Related: The neuroscience of of love

“In-group/out-group” categorizations are made within milliseconds in the brain, and, when coupled with negative stereotypes, can result in feelings of fear, revulsion, and dehumanization.

Scientific studies have demonstrated that viewing pictures of people from a different race or culture activates the amygdala, which is an area of the brain linked with creating fear. Seeing or thinking about an out-group like the homeless or people who use drugs can also attenuate activity in the medial prefrontal cortex, an area associated with social cognition and empathy. This decreased activity gives rise to feelings of dehumanization. In other words, seeing the other group as less than human, which creates an increased risk for violence.

Rebecca Saxe, a professor of cognitive neuroscience, and associate department head at the Department of Brain and Cognitive Sciences at MIT, stated that violence between groups can occur when resources are considered to be limited. In those scenarios, protecting one’s own group and its resources at the expense of another group, even through the use of physical force, is deemed imperative. Even when the resources at stake are not commodities but “existential ideals and fundamental values,” feelings of hate for the opposing group can develop.

In a lecture given at Harvard in 2019, Saxe said: “If we think that the survival, autonomy, and dignity of our ideals is a scarce resource in a zero-sum conflict with the survival, autonomy, and dignity of another group, then it could be my obligation to destroy the other group.”

Saxe further stated: “Hate is a mixing of both intense dislike with moral contempt and disgust. The moral motive of extreme violence in which the other must be destroyed [is] to make a better, more just world for that which I hold most dear.” She has concluded that hate and violence are not caused by sociopathic tendencies but “the extreme culmination of perceiving an existential threat to one’s in-group.”

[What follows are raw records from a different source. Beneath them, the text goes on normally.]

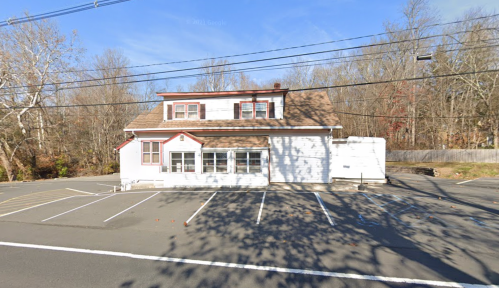 A small, two-story building with a brown roof and white exterior, surrounded by empty parking spaces and trees.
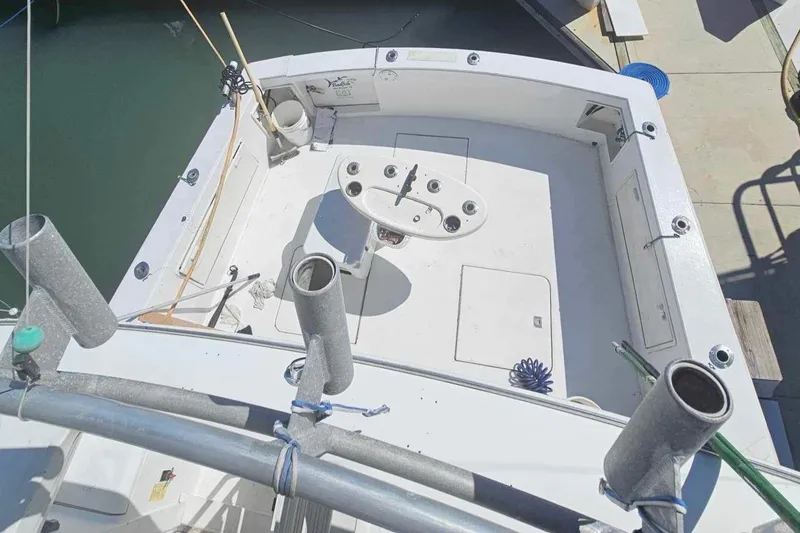 Badfish Yacht Photos Pics 1998 Ocean Yachts 40 Super Sport fishing deck with rod holders and tackle station.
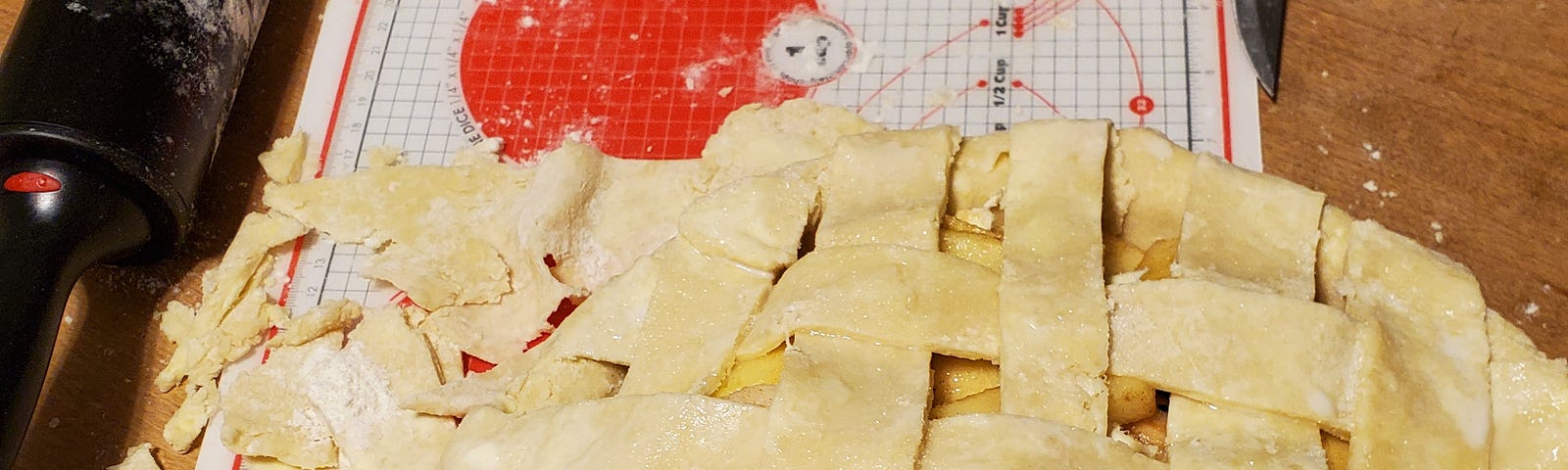 A rolling pin, flour, stick of butter, rolling mat, and unbaked pie sitting on a dining room table.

Listening to hate speech can increase prejudice toward an out-group and even prime the brain for violent actions. According to Arizona State University psychologist Arthur Glenberg, “Words themselves are enough to trigger simulations in motor, perceptual and emotional neural systems. Your brain creates a sense of being there: The motor system is primed for action and the emotional system motivates those actions.”

How is it possible to control hate if the drive to hate is located in a primitive and unconscious part of the brain? The higher-order brain structures, like the ventromedial prefrontal cortex (vmPFC), among others, allow us to choose anger and hatred or to let it go.